Sinto-me, renascida. Nunca tive muito jeito com palavras, sempre fui menina de imagens. E neste momento gostava tanto de te conseguir mostrar o que se passou em mim. Saí do mundo de Hades onde bebia do rio Aqueronte, levada pela mão, não por Bel mas por ti.

Encontrava-me encarcerada no mundo das sombras, reconfortada no calor da minha dor e da minha raiva. Que situação estúpida e idiota. Como deixei eu que a tua luz se ensombrasse?

Tu és a minha força. Foste tu que revivas-te os meus sonhos, és tu que me dás a segurança e a certeza de seguir em frente em todas as minhas lutas. Posso-te gritar mil vezes que me aguento sem ti, mas conseguirei eu aguentar?

Olhando para trás recordo os meus sonhos de criança e a força, que ontem, com o tempo e com a consciencialização do mundo se foi degradando e caindo aos pedaços.

Onde existiu um “castelo” de convicções, resistiam apenas fragmentos de um quadro de miúda de um mundo colorido. Foi ao encontra-te que de novo vi coelhos brancos e reencontrei o país das maravilhas.

E de novo esse mundo me escapava. Existem tantos fantasmas no meu castelo que deixei que eles me tomassem. Acredito em ti, acredito no nosso amor.

Porque cada vez que se me vens a memória o meu coração aquece e um vórtice de cores intensifica a minha visão. Aprendi tanto contigo nestes últimos tempo, deste-me tanta força e fizeste me acreditar que é possível, que não há causas perdidas (só quando desistimos delas).

Tudo isto a somar ao novo mundo que a tua existência me trás e ao teu doce abraço ilumina o que sou, o que sinto, e as distancias entre mim deixam de ser abismos. E tudo se reúne numa perfeita equação de amor psiquê. Estou ansiosa que chegues para te abraçar e te mostrar que já sei abraçar!

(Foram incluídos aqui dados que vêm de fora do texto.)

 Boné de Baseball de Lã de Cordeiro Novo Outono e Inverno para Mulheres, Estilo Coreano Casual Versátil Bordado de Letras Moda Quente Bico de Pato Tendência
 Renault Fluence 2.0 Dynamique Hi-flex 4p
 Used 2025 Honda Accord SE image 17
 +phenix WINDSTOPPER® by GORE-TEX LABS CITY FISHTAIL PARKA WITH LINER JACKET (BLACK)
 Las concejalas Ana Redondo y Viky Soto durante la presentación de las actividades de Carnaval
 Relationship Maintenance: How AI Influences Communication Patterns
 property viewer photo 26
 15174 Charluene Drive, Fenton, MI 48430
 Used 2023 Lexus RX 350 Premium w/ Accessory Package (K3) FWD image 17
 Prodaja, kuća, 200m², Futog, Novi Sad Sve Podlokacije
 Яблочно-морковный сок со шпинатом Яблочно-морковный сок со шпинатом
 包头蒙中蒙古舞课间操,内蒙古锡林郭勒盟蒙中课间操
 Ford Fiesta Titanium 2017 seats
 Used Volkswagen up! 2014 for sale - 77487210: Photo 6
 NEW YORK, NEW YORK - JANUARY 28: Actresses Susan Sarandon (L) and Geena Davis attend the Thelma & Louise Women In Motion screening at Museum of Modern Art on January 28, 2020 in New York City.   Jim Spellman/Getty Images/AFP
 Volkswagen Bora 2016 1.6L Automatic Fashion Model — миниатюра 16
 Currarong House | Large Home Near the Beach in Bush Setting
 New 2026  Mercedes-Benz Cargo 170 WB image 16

quinta-feira, 1 de dezembro de 2011

335


São duas pessoas numa mesa. Uma mesa que não é muito grande mas que ocupam verdadeiramente. Entre dois jornais abertos, umas chávenas de café, maços de tabaco e uns blocos de apontamentos, sobra algum espaço para pousarem os seus braços. À primeira vista será muito difícil perceber a relação entre aquelas duas pessoas. Talvez namorados, talvez amigos?
Não será preciso ser grande génio ou entendido em questões de relacionamentos para se perceber que aquele par também não sabe muito bem o que é. Ela gosta dele, isso parece bastante claro. A sua postura, forma de estar, a forma como interage com ele e com as pessoas que dele se aproximam tudo a denuncia para toda a gente menos para ele. Ele desatento, talvez distraído ou talvez demasiado absorto na sua vida dificilmente consegue perceber o que o rodeia no quotidiano. Ele talvez se tenha acomodado ao facto de ela ser uma amiga – a Amiga. Para ele ela é como um daqueles tipos com quem costuma ver o futebol e costuma sair à noite para ir beber uns copos, aliás ela também faz isso com eles… certo ela é um pouco mais do que todos os outros, dá-lhe mais atenção e é muito mais carinhosa mas ela é uma mulher e é a sua melhor amiga. Nunca lhe passou pela cabeça outra qualquer situação de relacionamento com ela.